Dès que Charlotte Brabantine apprit que son fils Henri était l’héritier des comtes de Laval, elle agit immédiatement, en accord avec le roi qui lui fit don des frais de mutation. Il lui fallait d’abord désarmer les autres héritiers potentiels. Cela prit des années. Finalement, Anne d’alègre, veuve de Paul de Coligny, consentit à acheter sa part de la baronnie de La Roche-Bernard. C’était, assurément, au détriment du protestantisme à l’embouchure de la Vilaine, mais d’après Charlotte Brabantine, c’était la grande seigneurie immédiatement négociable à cette époque. A l’exception de L’Isle-Bouchard, où résidaient des Huguenots, il n’y eut pas d’autres terres protestantes abandonnées, malgré la gène financière récurrente des La Trémoille.

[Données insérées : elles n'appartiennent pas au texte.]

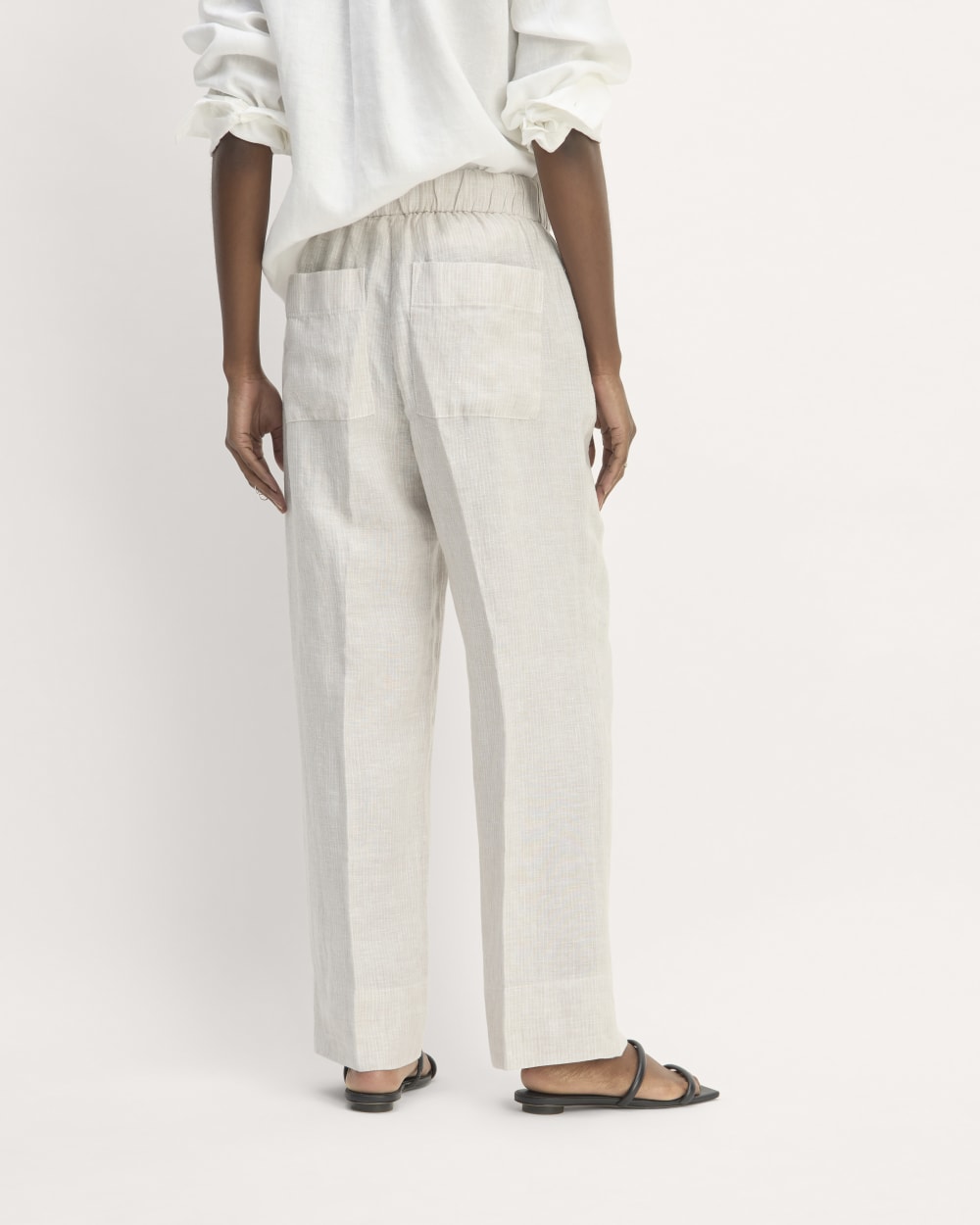 The Linen Easy Pant | Stone / White - Image 6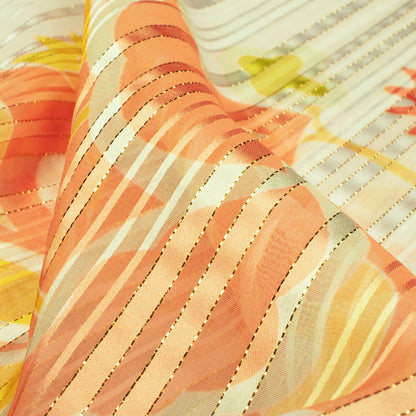 Trendy Floral And Leaf Digital Print Silver Lurex Georgette Fabric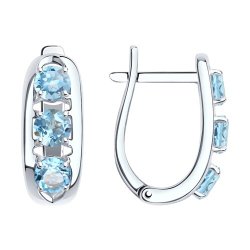 Серьги из серебра с топазами (Арт.92022569)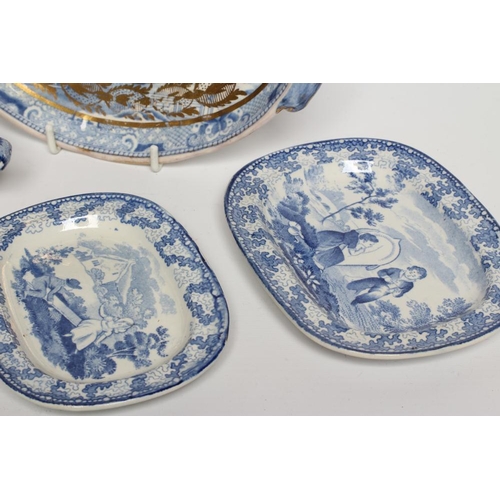 31 - THREE BRAMELD EARTHENWARE MINIATURE DISHES, early 19th century, printed in underglaze blue with chil... 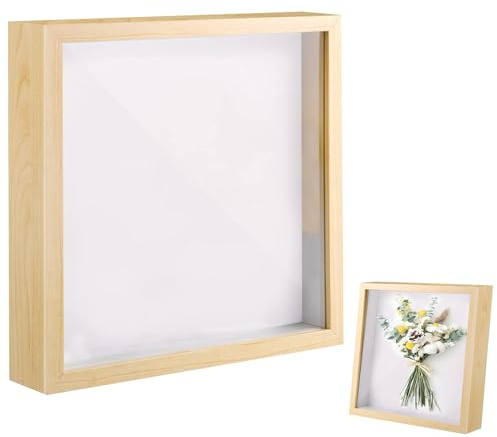 YZDZSW 3D-Schaukasten, 25 x 25 cm, tiefer Rahmen, Schaukasten aus Holz, tiefe Box, quadratischer Fotorahmen, Schreibtisch- oder Wandbehang, für Medaillen, Blumen und Bastelarbeiten, Holzfarbe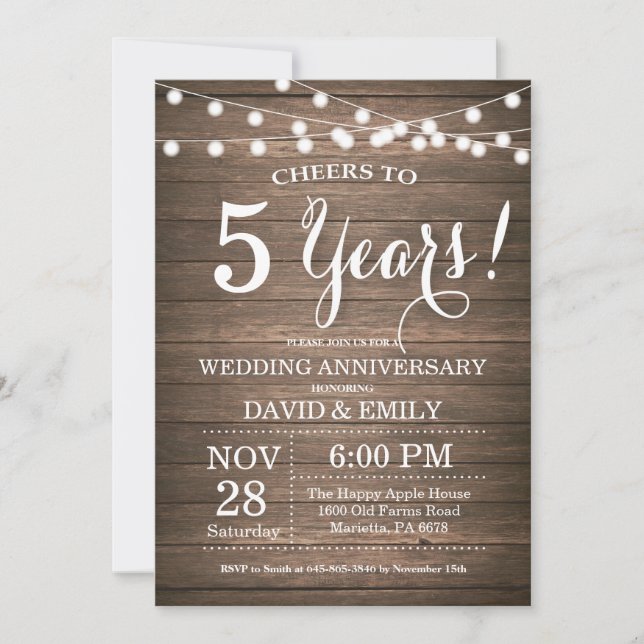 5th Wedding Anniversary Invitation Rustic Wood (Front)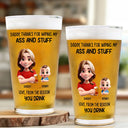 Gift For Father,Happy,Dad - Children - Thanks For Wiping My Stuff - Personalized Beer Glass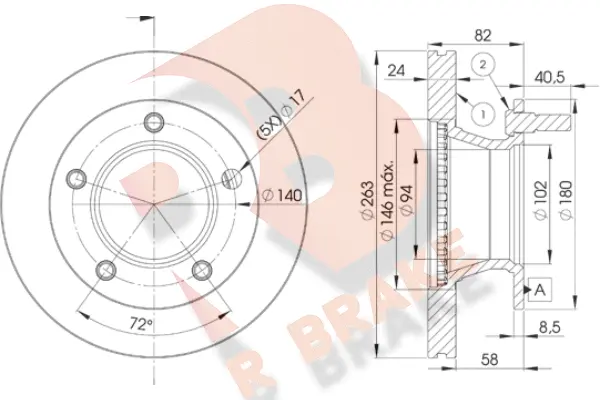 Disque de frein R BRAKE 78RBD10180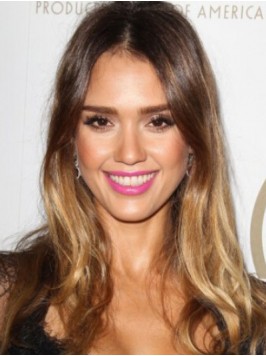 Jessica Alba Central Parting Lace Front Wavy Human...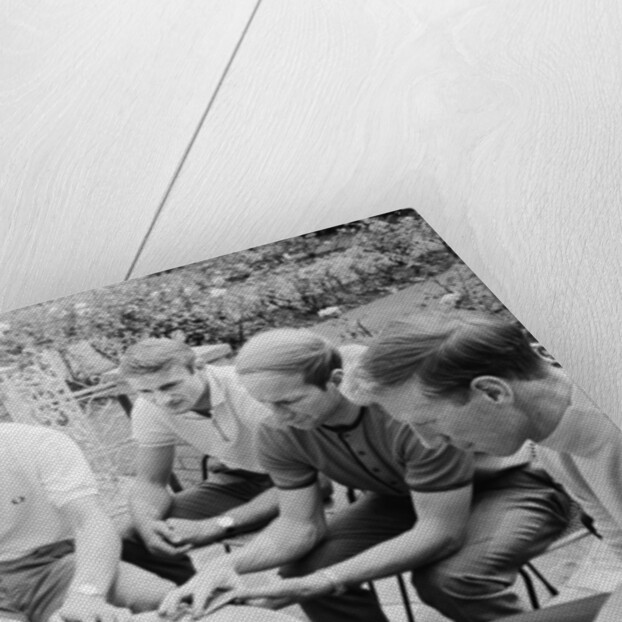 England players enjoy a game of cards at their base in Hendon during the 1966 World Cup tournament by Staff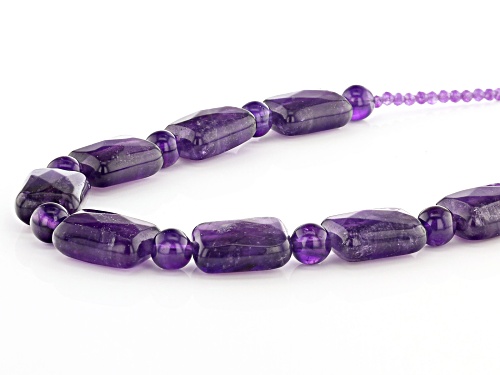 67.15CTW AFRICAN AMETHYST RHODIUM OVER STERLING SILVER NECKLACE - Size 18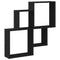 vidaXL Wall Cube Shelf Black oak 80 x 15 x 78.5 cm Engineered Wood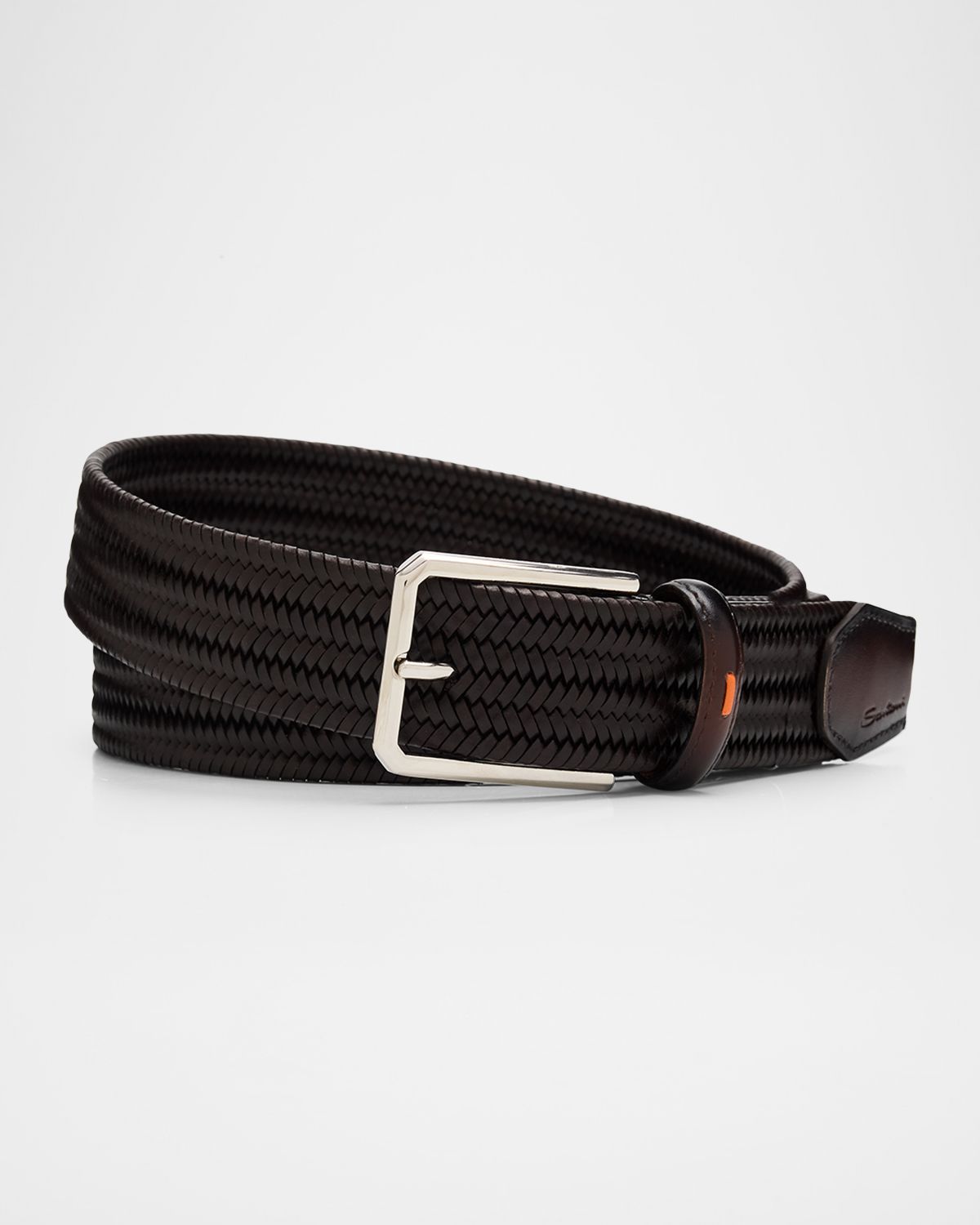 Santoni Men 's Woven Leather Belt
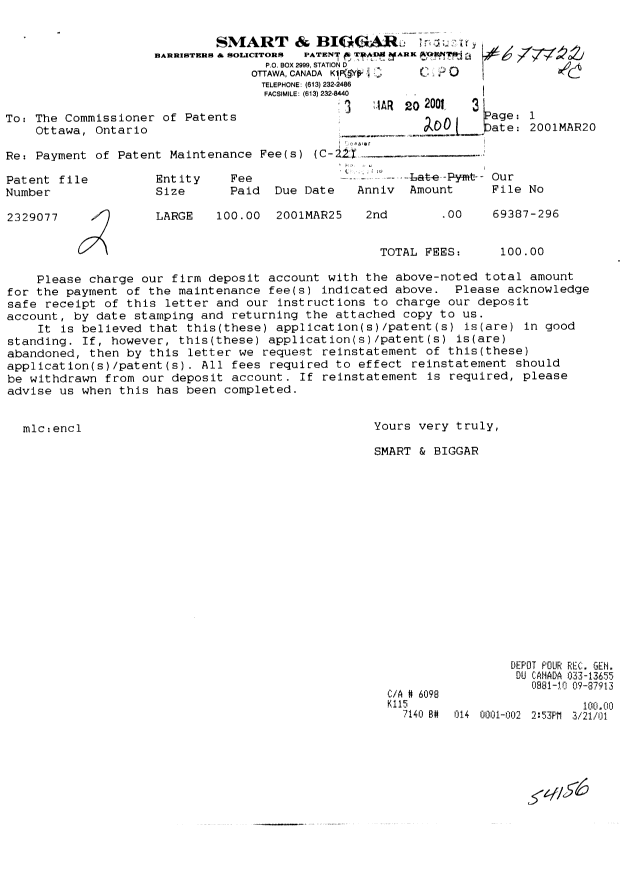 Canadian Patent Document 2329077. Fees 20001220. Image 1 of 1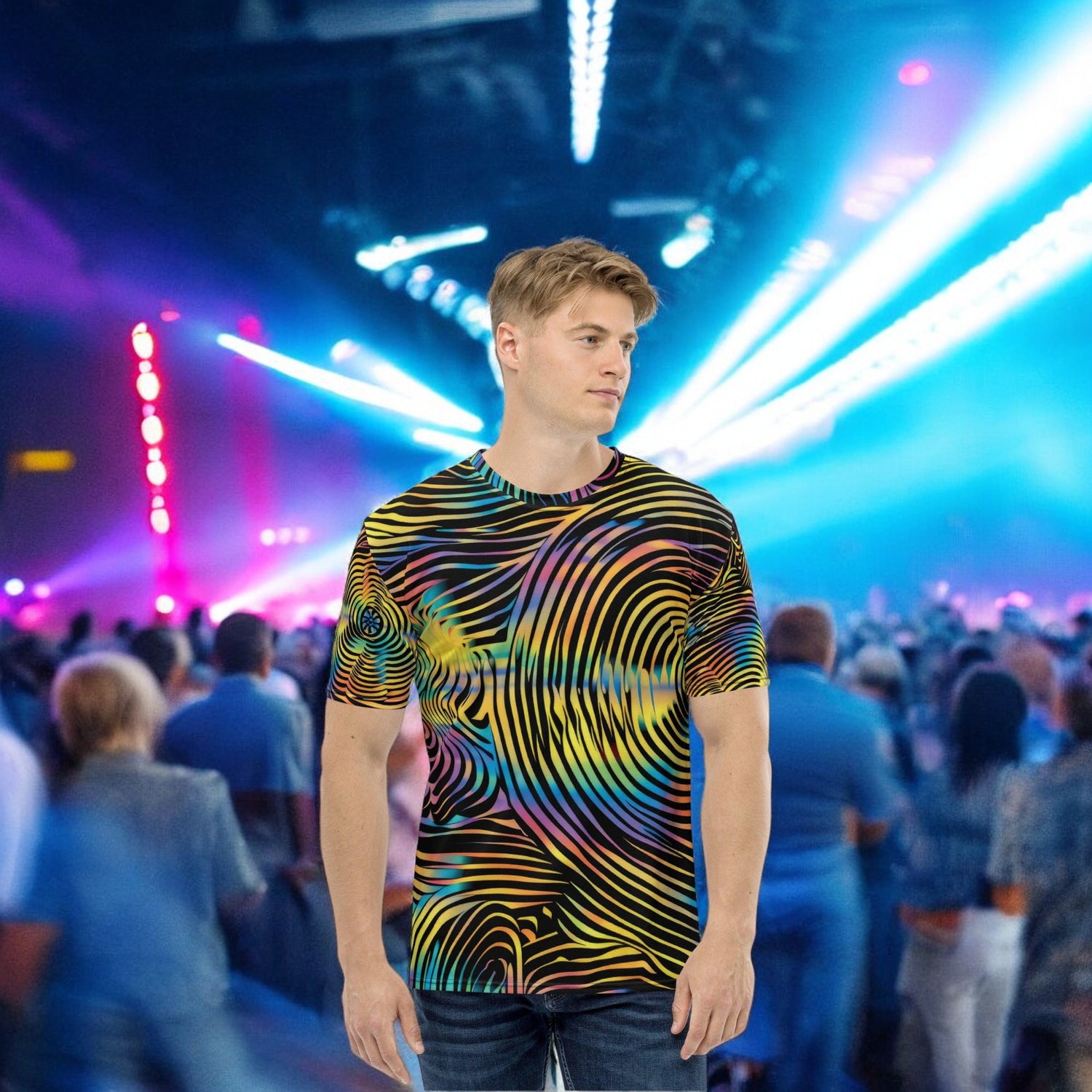 Vibrant Trippy Abstract Men's Rave T-Shirt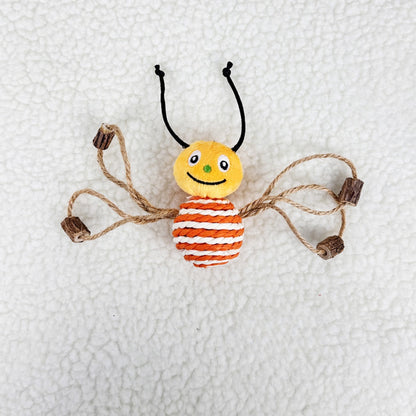 Moo - Striped Bee Shape Plush Cat Toy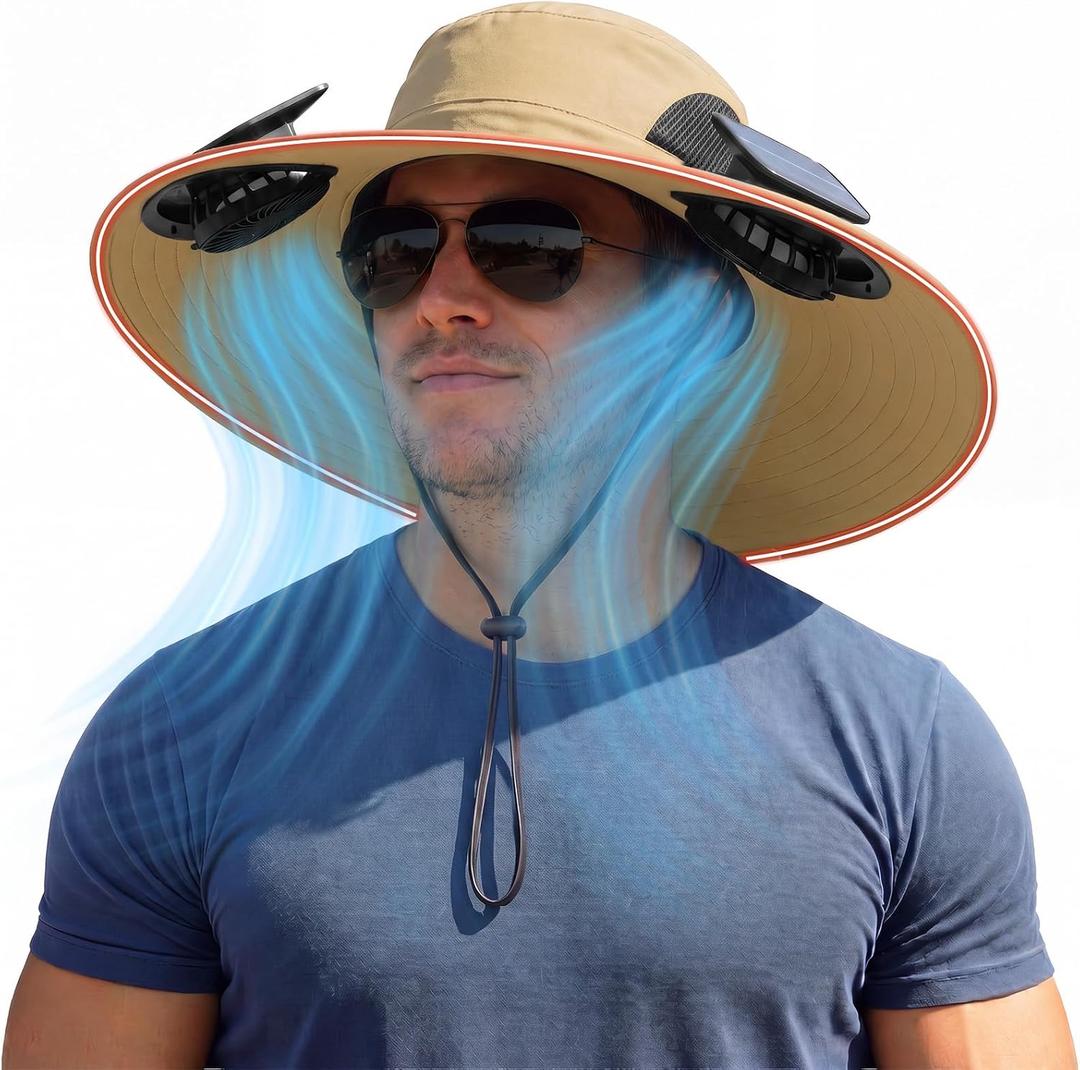 Zaximap Solar Fan Hat with Steel Brim for Men Women UPF 50+ Garden Outdoor Fishing Beach Essential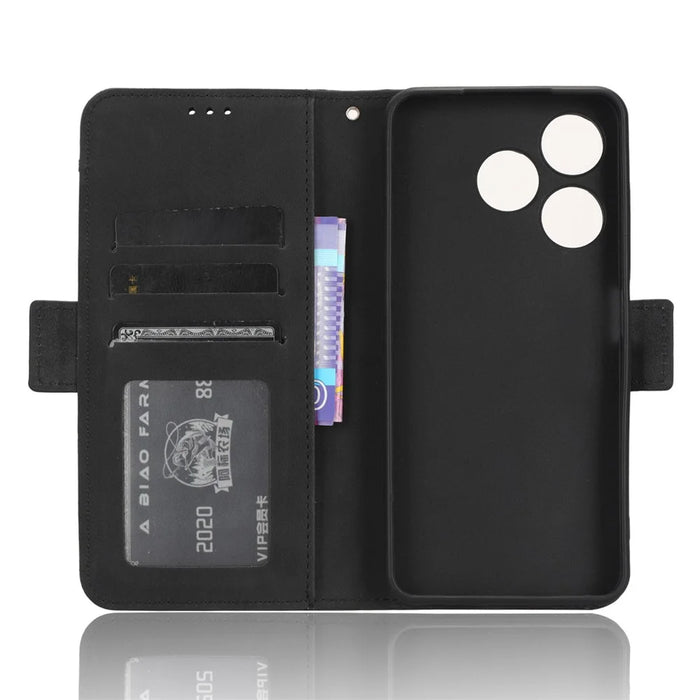 For TECNO Spark 10 4G Flip Leather Phone Case Stand Multiple Card Slots Wallet Cover - Black - 5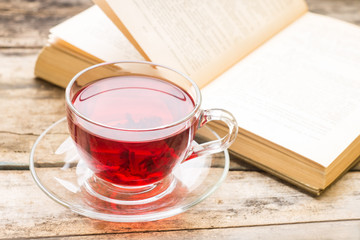 Literature background. Cup of hot tea with opened book
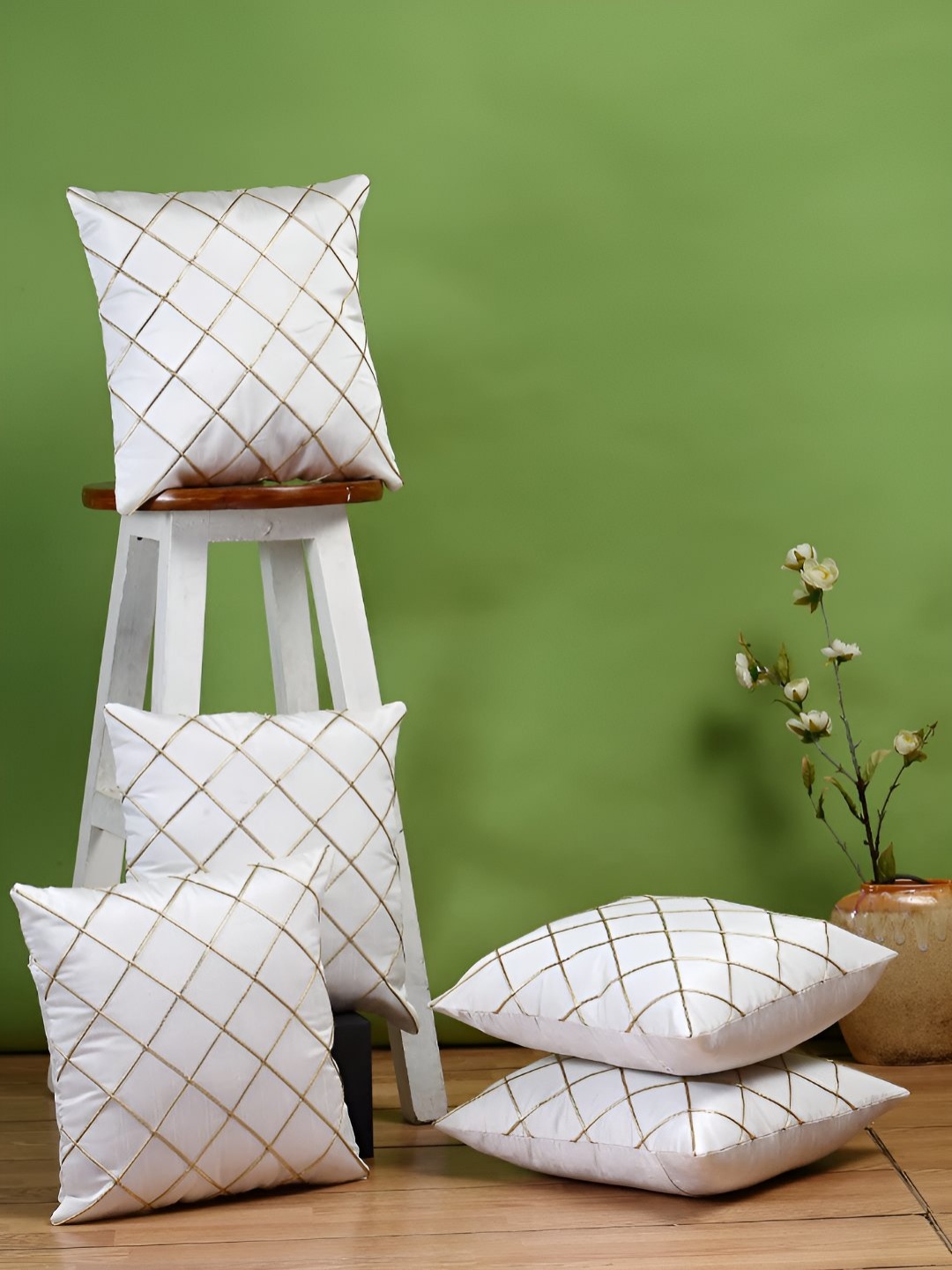 

Stuff N' Fluff White & Beige 5 Pcs Geometric Square Cushion Covers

Charlotte Brabantine comprit immédiatement le rôle clé de Vitré au sein du protestantisme breton. La ville était alors la seule à disposer d’une bourgeoisie d’affaires de foi huguenote d’où pouvaient surgir de nouvelles lignées de pasteurs et de gentilshommes. Elle ménagea le subtil équilibre qui avait déjà été institué par Paul de Coligny en répartissant entre les familles des deux confessions les charges des principaux offices. C’est ainsi que la garnison du château de Vitré fut confiée à Jean Nouail, sieur du Jaunay, et le gouvernement de la ville à Philippe du Matz, vicomte de Terchant. Les postes financiers revinrent, par contre, à des officiers catholiques.
La politique prudente et la gestion domaniale de Charlotte Brabantine de Nassau, duchesse de Thouars, n’ont pas peu contribué au maintien du tissu huguenot en Bretagne, et cela, sans parler de son action matrimoniale auprès d’autres grands seigneurs de la région.
1P. Marchegay, Correspondance de Louise de Coligny, Lettre du 22 janvier 1605, p. 47.